Re: revised w/nocase text, considering titlecase and cased
John Cowan 12 May 2014 05:54 UTC
Alex Shinn scripsit:
> As a special case, the pre-defined named character sets
> upper and lower (and their aliases upper-case and lower-case)
> are defined to match all characters with the cased property (L&).
> Note also all other pre-defined named character sets are
> equivalent to themselves under w/nocase.
>
> Rationale: The differences between the case insensitive
> lower and upper and the cased property are few and unlikely
> to match user intention.

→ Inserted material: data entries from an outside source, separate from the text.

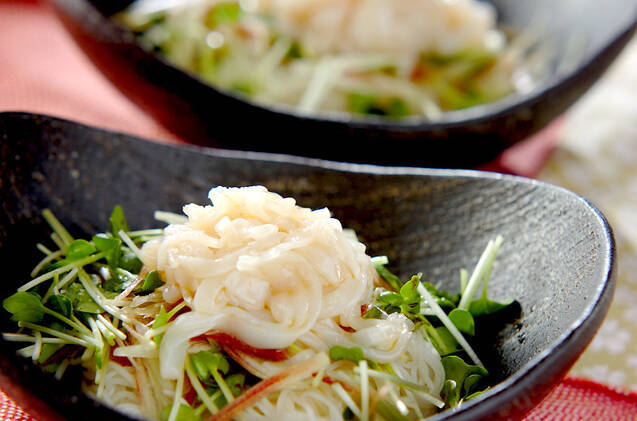 黒いお皿に入ったいかそうめんのせそうめん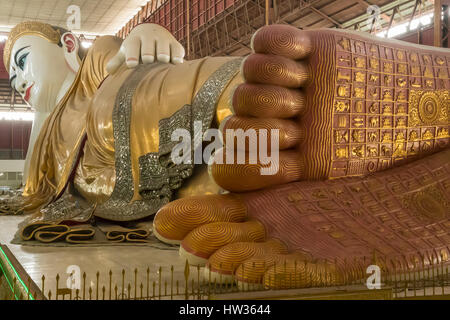 Buddha reclinato in Chaul Htat Gyi Pagoda Yangon, Myanmar Foto Stock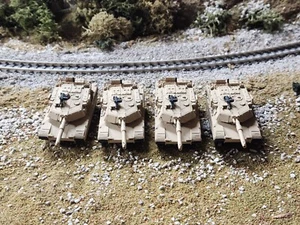 4 Pack N Scale 1:160 M1A1 Abrams MBT- US Army Desert Camo - Picture 1 of 6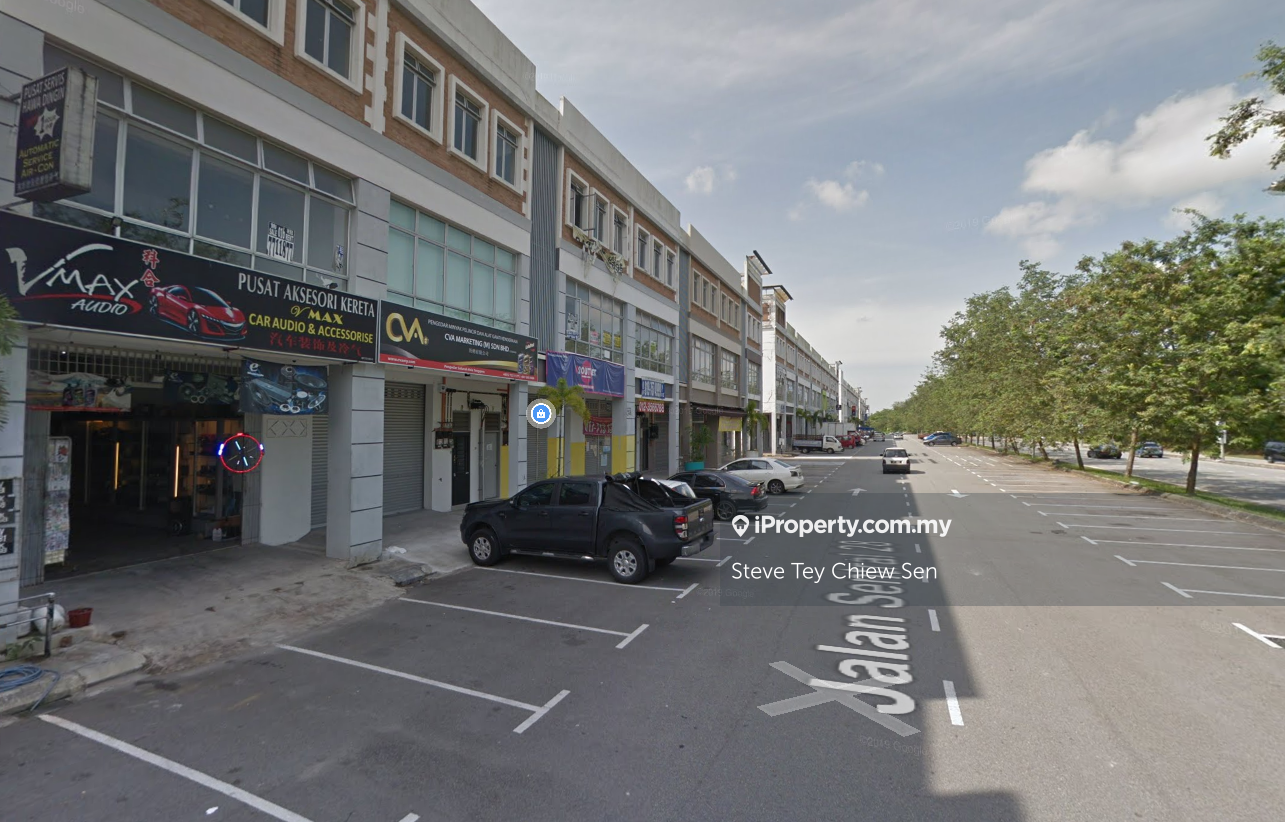 Nusa Sentral Three Storey Shoplot Facing Main Road for sale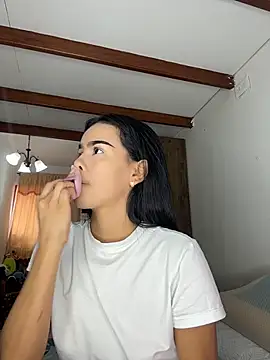 Melissa Rendon online show from 06.02.26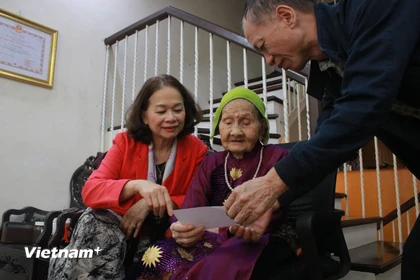 Xúc động khoảnh khắc trao thẻ cử tri cho Mẹ Việt Nam Anh hùng 99 tuổi
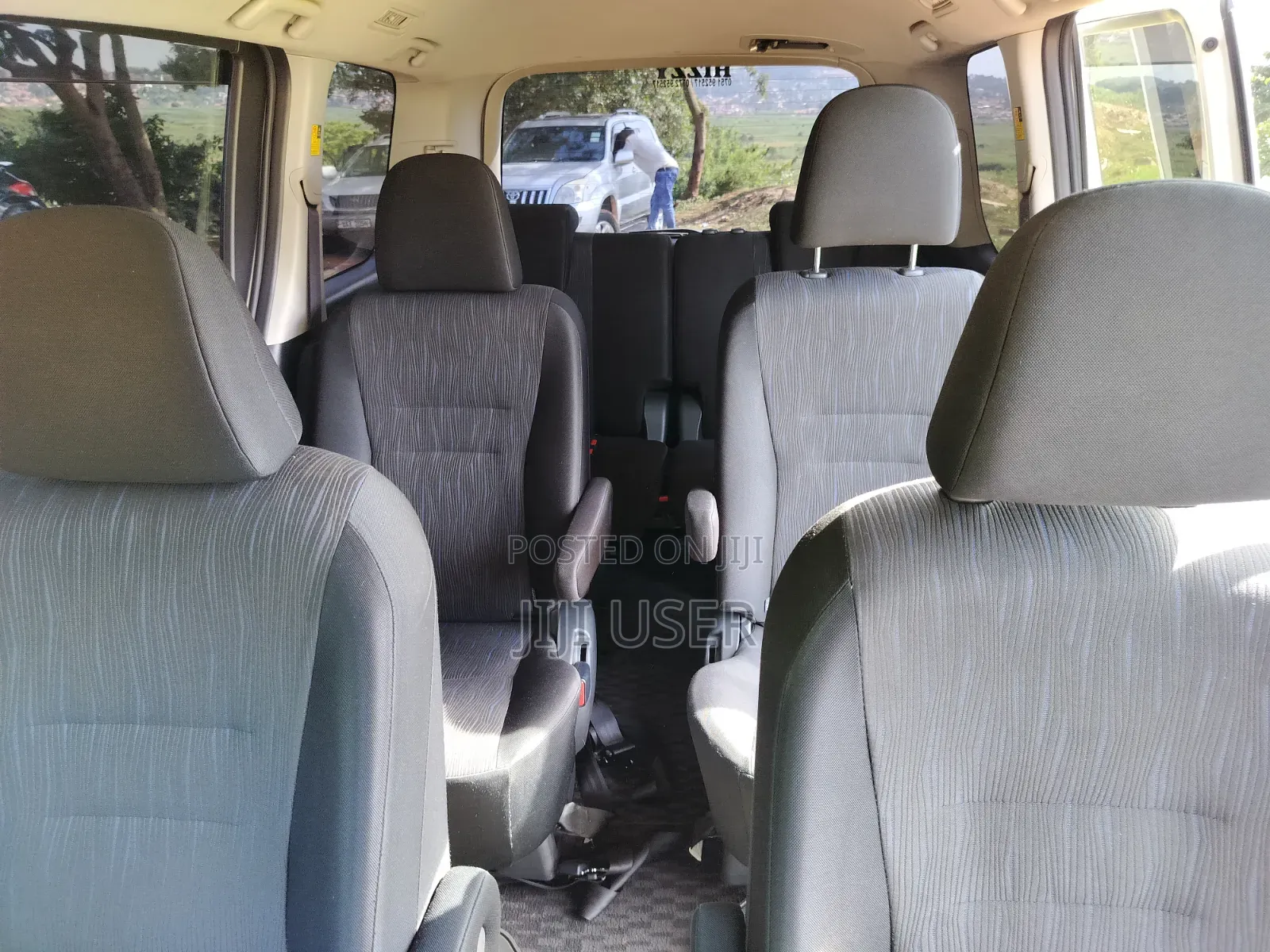 Toyota Noah 2012 White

Moreover, unlike the algorithmically
> mapped upper and lower char-sets, the cased property is
> readily available in most Unicode implementations.
Looks good to me.
I think this language should also be added:
Note that placing a sequence consisting of a base character
and combining characters into a character string representing
a character set will not do what the user probably expects;
it will create a character set pattern containing the base
character and the combining character(s) as alternatives.
For the same reason, it is inadvisable to apply Unicode
normalization to such strings.
> And the only realistic alternative I can see is making this
> special case optional, so that either behavior is correct.
Too much flexibility, I think.
--
John Cowan http://www.ccil.org/~cowan xxxxxx@ccil.org
A witness cannot give evidence of his age unless he can remember being born.
--Judge Blagden